*** Data for this task ***

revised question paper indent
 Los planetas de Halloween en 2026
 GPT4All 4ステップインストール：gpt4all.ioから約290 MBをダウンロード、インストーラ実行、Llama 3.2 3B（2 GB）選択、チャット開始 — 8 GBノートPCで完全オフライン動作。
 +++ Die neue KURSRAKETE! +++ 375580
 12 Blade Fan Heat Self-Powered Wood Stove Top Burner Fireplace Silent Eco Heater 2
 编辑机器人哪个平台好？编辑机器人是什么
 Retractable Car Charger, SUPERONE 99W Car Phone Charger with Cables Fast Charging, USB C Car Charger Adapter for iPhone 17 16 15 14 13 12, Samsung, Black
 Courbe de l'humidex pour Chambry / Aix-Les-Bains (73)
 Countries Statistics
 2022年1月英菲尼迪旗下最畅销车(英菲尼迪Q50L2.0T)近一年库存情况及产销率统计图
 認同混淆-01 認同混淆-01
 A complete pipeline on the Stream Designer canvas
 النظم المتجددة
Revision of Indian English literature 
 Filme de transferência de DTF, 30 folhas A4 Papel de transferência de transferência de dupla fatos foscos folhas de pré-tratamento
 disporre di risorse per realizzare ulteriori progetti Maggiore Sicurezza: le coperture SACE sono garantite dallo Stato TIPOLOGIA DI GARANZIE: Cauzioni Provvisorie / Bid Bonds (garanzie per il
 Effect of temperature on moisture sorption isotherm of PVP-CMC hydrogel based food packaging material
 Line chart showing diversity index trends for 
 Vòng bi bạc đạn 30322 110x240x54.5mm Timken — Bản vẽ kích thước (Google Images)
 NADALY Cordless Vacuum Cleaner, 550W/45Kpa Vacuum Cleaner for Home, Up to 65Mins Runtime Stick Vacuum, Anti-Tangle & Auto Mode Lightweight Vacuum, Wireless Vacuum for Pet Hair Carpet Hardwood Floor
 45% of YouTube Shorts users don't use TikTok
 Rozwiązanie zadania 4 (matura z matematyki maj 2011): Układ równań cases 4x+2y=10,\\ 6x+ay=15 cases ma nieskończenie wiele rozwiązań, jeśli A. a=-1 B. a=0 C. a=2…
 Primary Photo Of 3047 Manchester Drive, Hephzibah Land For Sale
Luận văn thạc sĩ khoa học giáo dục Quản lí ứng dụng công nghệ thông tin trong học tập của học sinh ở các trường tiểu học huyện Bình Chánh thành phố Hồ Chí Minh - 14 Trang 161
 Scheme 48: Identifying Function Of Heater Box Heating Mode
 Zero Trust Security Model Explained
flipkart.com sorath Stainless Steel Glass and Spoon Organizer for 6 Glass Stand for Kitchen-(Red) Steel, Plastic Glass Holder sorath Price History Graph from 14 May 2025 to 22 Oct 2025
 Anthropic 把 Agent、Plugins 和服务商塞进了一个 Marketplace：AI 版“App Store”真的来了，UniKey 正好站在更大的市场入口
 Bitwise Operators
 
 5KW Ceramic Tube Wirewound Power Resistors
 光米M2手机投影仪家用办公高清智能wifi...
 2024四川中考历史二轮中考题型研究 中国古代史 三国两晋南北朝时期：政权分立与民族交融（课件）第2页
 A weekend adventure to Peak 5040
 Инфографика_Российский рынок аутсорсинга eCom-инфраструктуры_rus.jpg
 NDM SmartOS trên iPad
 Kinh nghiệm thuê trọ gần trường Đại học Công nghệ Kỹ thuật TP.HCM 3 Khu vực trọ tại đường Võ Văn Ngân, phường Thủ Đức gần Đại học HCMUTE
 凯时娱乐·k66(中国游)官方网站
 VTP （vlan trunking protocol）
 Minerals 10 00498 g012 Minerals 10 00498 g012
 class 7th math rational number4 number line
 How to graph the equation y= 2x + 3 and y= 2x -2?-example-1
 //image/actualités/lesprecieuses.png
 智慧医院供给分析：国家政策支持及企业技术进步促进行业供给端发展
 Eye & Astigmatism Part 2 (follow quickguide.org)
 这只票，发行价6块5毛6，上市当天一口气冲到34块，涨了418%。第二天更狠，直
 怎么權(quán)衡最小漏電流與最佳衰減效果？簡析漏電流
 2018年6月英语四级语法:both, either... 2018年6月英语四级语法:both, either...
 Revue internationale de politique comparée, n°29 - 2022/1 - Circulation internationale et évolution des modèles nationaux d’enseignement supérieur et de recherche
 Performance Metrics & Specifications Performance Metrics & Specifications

***

*To do*: In the entries above, find the line holding "KURSRAKETE! +++ 375580" and the line holding "Revision of Indian English literature"; print both of them and every line between, exactly, and nothing else.

*Written solution*:
 +++ Die neue KURSRAKETE! +++ 375580
 12 Blade Fan Heat Self-Powered Wood Stove Top Burner Fireplace Silent Eco Heater 2
 编辑机器人哪个平台好？编辑机器人是什么
 Retractable Car Charger, SUPERONE 99W Car Phone Charger with Cables Fast Charging, USB C Car Charger Adapter for iPhone 17 16 15 14 13 12, Samsung, Black
 Courbe de l'humidex pour Chambry / Aix-Les-Bains (73)
 Countries Statistics
 2022年1月英菲尼迪旗下最畅销车(英菲尼迪Q50L2.0T)近一年库存情况及产销率统计图
 認同混淆-01 認同混淆-01
 A complete pipeline on the Stream Designer canvas
 النظم المتجددة
Revision of Indian English literature 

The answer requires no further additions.